The Documentary Edit and Story Lab fellowship is designed to encourage experimentation and risk-taking, for the fellows to develop, interrogate and collaborate in post-production.
Sundance Institute has announced four independent nonfiction feature film projects and artist teams selected for the 2023 Documentary Edit and Story Lab taking place at the Sundance Resort until June 24.
The fellows include Blacked Out Dreams (USA), Concrete Land (Jordan), No Other Land (Palestine, Norway) and Remaining Native (USA).
The four artist teams will also work with four contributing editor fellows, Jessica Jones, Beth Kearsley, Claudia Ramirez, and Emily Yue, who attend the lab as part of a yearlong fellowship spotlighting emerging talents committed to the art and craft of editing nonfiction feature films.

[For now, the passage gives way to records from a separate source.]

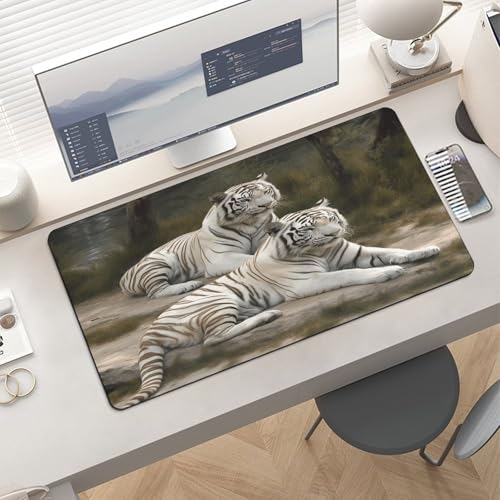 White Tigers alfombrilla grande para ratón, antideslizante miniatura 6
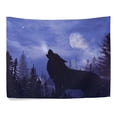 thumbnail image 1 of ABPHQTO Lobo bosque árbol noche luna nebulosa universo galaxia tapiz decoración de pared sala de estar dormitorio tapices DIY 100x150 cm, 1 of 2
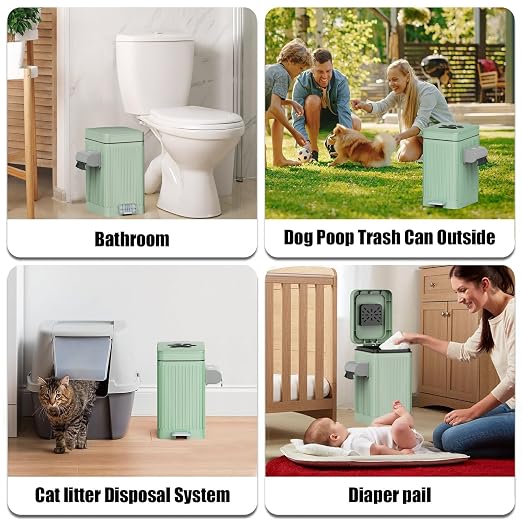 Dog Poop Trash Can for Outside & Indoor, 5L/1.3Gal Small Pet Waste Bin - Image 8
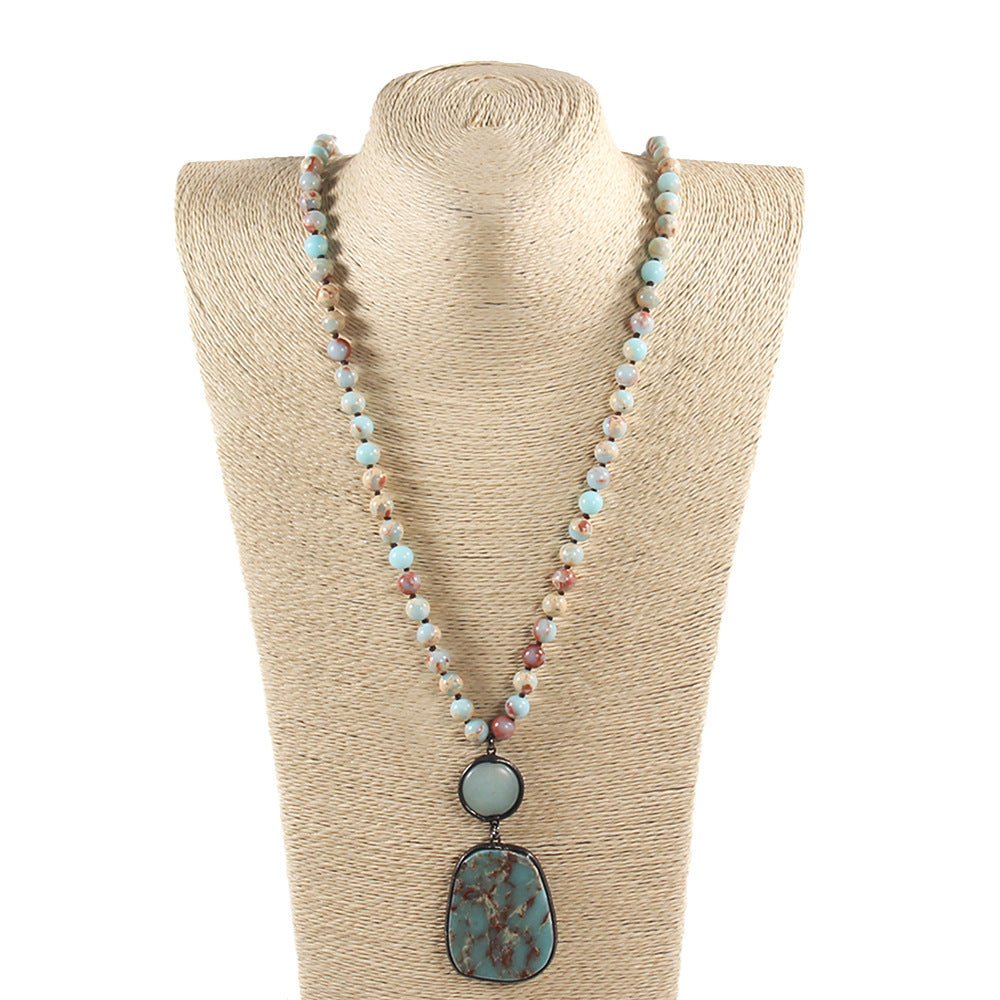 Bohemian Geometric natural stone Beaded Chain Pendant Necklace In Bulk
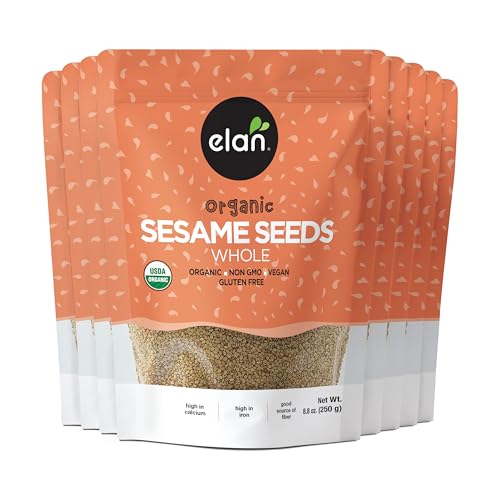 Elan Organic Sesame Seeds, Non-GMO, Vegan, Gluten-Free , 8 pack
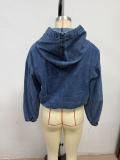 Women Spring Casual Washed Denim Hooded Long Sleeve Top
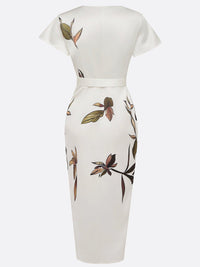 Lottie | Women's Printed Wrap Tie Waist Dress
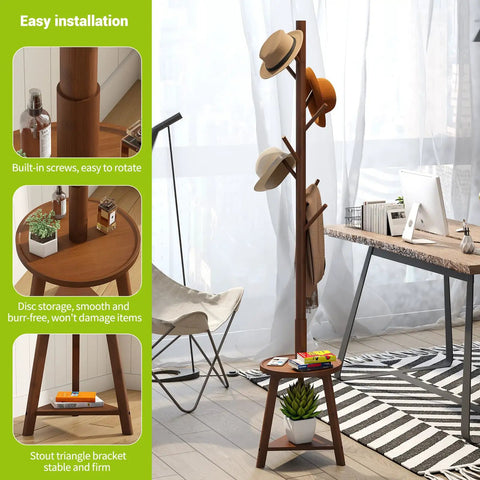 Freestanding Bamboo Coat Rack With Two Shelves And Eight Hooks, Easy Assembly, 12.6 Inch Storage Tray in an office setting.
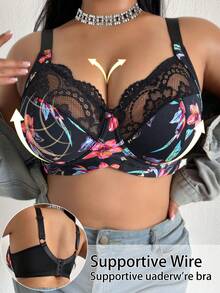 Plus Size Women Fashion Wireless Padded Bra - Black - View 7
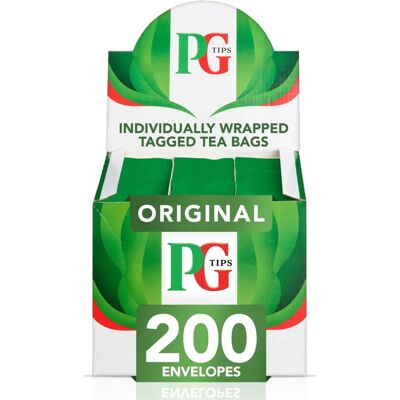 PG Tips Original 200 Tea Bags - Black Tea - Hygienic & Fresh PG Tips Original 200 Tea Bags - Black Tea - Hygienic & Fresh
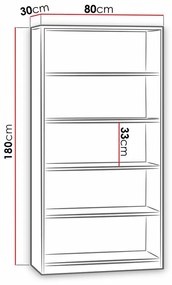Βιβλιοθήκη Miami 156, Ανοιχτό, Πλαστικοποιημένη μοριοσανίδα, 180x80x30cm, 31 kg | Epipla1.gr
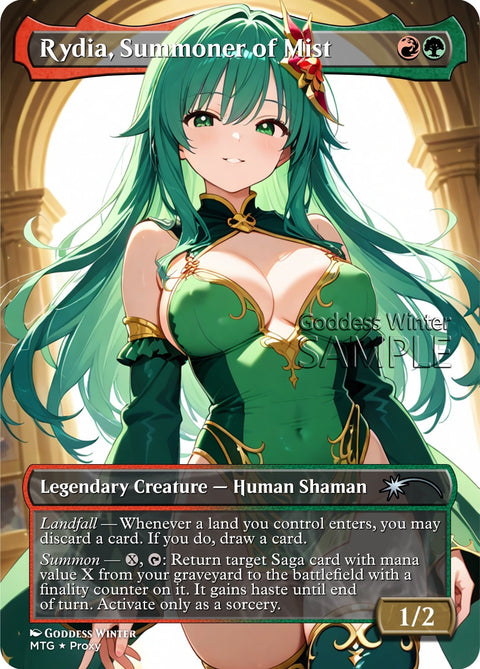 MTG FF - Rydia, Summoner of Mist - Fanart Borderless Style - EDH / Playtest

Contributing editor fellows receive a stipend, a dedicated mentor, and access to curated workshops and small gatherings throughout the fellowship year.
In addition to the four selected projects and contributing editor fellows, the lab will include artists-in-residence Damon Davis and Chris McNabb attending with their in-progress project, Chain of Rocks.
Run With It (USA), Slumlord Millionaire (USA), We Never Left (USA/Lebanon), and Worldmakers (tentatively titled) (USA) were four additional finalists that were also up for consideration.
Designed to encourage experimentation and risk-taking through peer-to-peer engagement, the weeklong convening creates a space for fellows to develop, interrogate, and collaborate on films in the later stages of post-production. Also announced are the 2023 Contributing Editor Fellows, four emerging editors who will kick off their fellowship at the lab as well as the 2023 Sundance Documentary Film Programme artists-in-residence.
The lab brings together director and editor teams from around the world with renowned documentary filmmakers who advise on the process of reimagining or reconceiving dramatic structures, exploring character and story development, and recentering their work around original motivations.
Documentary Film Programme Deputy Director Kristin Feeley said: “My team and I are humbled by the artists selected for this year’s lab. They are creating work with radical imagination, hope, and a thrilling sense of creative possibility. These essential stories from around the world share a strong sense of community and reflect the universal in the specific.”
The Documentary Edit and Story Lab director advisors are Laura Poitras (All the Beauty and the Bloodshed) and Bhawin Suchak (Outta The Muck), and the editor advisors are Andrea Chignoli (Circumstance), Steven Golliday (King in the Wilderness), Rabab Haj Yahya (Another Body), and Terra Long (Going to Mars: The Nikki Giovanni Project).
The Sundance Institute Documentary Film Programme is made possible by founding support from the Open Society Foundations. Generous additional support is provided by John Templeton Foundation; National Endowment for the Humanities; John D. and Catherine T. MacArthur Foundation; Luminate; Sandbox Films; The Kendeda Fund; The Asian American Foundation (TAAF); Gucci; CNN Films; Helen Gurley Brown Foundation; The Charles Engelhard Foundation; Genuine Article Pictures; Violet Spitzer-Lucas and the Spitzer Family Foundation; National Endowment for the Arts; Nion McEvoy & Leslie Berriman; Code Blue Foundation; EarthSense Foundation; Adobe; and two anonymous donors.
Blacked Out Dreams, by Adeleke Omitowoju, is a film about how rapid school closures and a water crisis in Flint, Michigan, force normal kids to live in very abnormal conditions. The film follows two siblings and their best friend over two years as they navigate toward graduating from the last remaining public high school in a city divided by race and plagued by poverty.
Concrete Land (Jordan), directed and produced by Asmahan Bkerat, provides an intimate look into the complex dynamics of a close-knit, three-generational Bedouin family and their beloved pet sheep, as they navigate their life under the increasing hostility they face from their non-nomadic neighbours and the constant threat of gentrification. Now, the life of the still-singing family is about to change.
No Other Land, by Yuval Abraham, follows Basel, a young Palestinian born to activist parents, who carry on their fight to save the villages of Masafer Yatta. During the darkest years of his life, as his community is slowly destroyed, he develops an unlikely, intimate friendship.
Remaining Native, directed by Paige Bethmann, examines Ku Stevens’s dreams of becoming an elite runner, but he struggles to balance the sport’s glorified individualism and the values of interconnectedness he was raised with on the reservation. When thousands of Native children’s remains are discovered, Ku reckons with his family’s dark past while running toward his future.